Robert White Creeley nasceu em Arlington, Massachusets, em 21 de maio de 1929. Tendo abandonado a universidade (Harvard) no último semestre, foi, durante a Segunda Guerra, para a Birmânia e para Índia, onde serviu como motorista de ambulâncias. Em seu retorno aos Estados Unidos, apaixonou-se pelo jazz, começando a publicar em pequenas revistas na década de 40. No início dos anos 50, viveu na França, Espanha (em Majorca, entusiasmado com os baixos custos operacionais, fundou a Diver Press - pela qual editou três de seus cinco primeiros livros: The kind of act of, The gold diggers (contos) e A snarling garland of xmas verses (anônimo) entre 1953 e 1954), Guatemala e Finlândia. Em 1955, graduou-se no Black Mountain College (Carolina do Norte), associando-se a Charles Olson e Robert Duncan e tornando-se, por três anos, editor da famosa Black Mountain Review. Após o fechamento da instituição, mudou-se para São Francisco onde travou contato com o movimento Beat através Jac Kerouac e Allen Ginsberg. Ao longo da década seguinte, como que sintetizando algumas das mais drásticas linhas de força da época, sua poesia se revela e consagra, criticamente. Desde então divide seu tempo entre o ensino universitário (leciona na Universidade de Nova York, em Buffalo, onde reside), conferências e a composição propriamente dita.
Seu nome se destaca facilmente no horizonte da poesia pós-moderna. Ombro a ombro com as escrituras matrizes de Wallace Stevens, Marianne Moore e William Carlos Williams (sua maior influência - em função da facilidade de apego à contemplação 'objetal' - juntamente com o ímpeto "proprioceptivo" do projective verse de Olson), a dicção creeliana tem aberto caminhos para muitas revitalizações da poesia norte-americana.
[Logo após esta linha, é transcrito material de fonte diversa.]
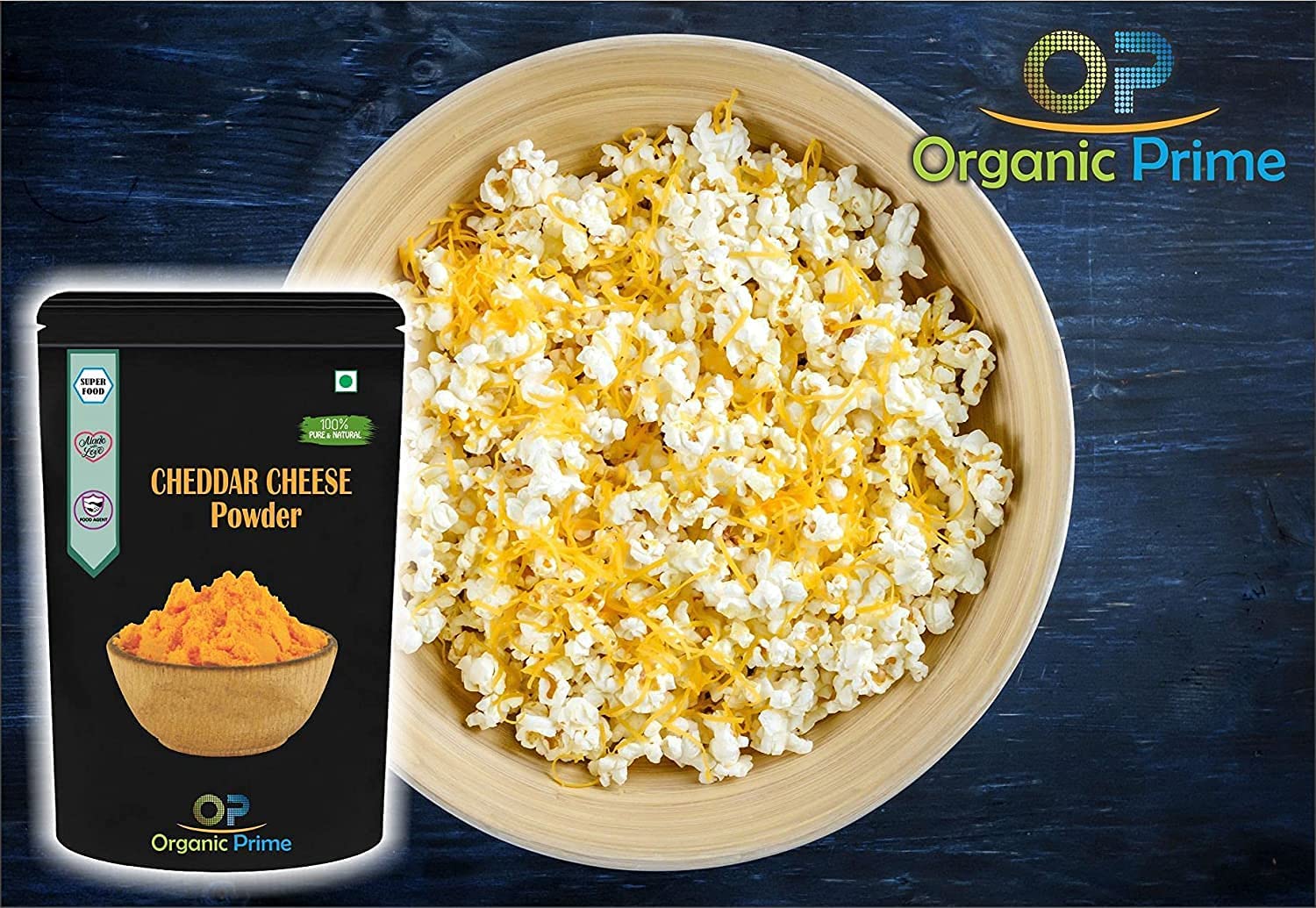 QRA Organic Prime Cheddar ser w proszku, ser w proszku do popcornu - 100 g od Organic Prime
Ao lado de Louis Zukofsky e John Ashbery, entre outros 'contemporâneos' seus, Creeley é, sem dúvida, uma referência obrigatória para toda poesia instaurante.
Ao mesmo tempo simples e complexa (em Creeley, a simplicidade é diretamente proporcional à complexidade), seus poemas telegráficos (por vezes, crípticos, randômicos e de grande compressão sintática), "brota(m) muito - como afirma Vasconcelos - (de um certo) solipsismo (grifo meu) matizado por informações eruditas que entram em estado de amálgama com um certo acesso direto dos sentidos à realidade (…) sem, no entanto, tecer essa realidade como mero instantâneo fotográfico de intensa plenitude da atenção".
Tal impressão de isolamento e incomunicabilidade (que, para alguns gostos, certamente incluiria Creeley no rol maldito dos 'herméticos') amiúde se confirma quando nos deparamos com seus versos heteróclitos que dão a impressão de 'iniciarem' e/ou 'terminarem' no meio de um (belo) pensamento ("Coisas simples/alguém quer dizer como, qual o dia/como, lá, ao longe -/quem sou eu/e onde"). Na verdade, essa 'gagueira' pressupõe muito mais do que parece: entre outras coisas (que mereceriam ser ditas, mas que não cabem no espaço exíguo de uma resenha), um aguçado projeto de desnudamento do eu (ego-less) e a hipótese de uma espécie de 'retroalimentação' imagética que, no calor de seu processo, lançaria sempre mão de inusitadas técnicas de quebra formal.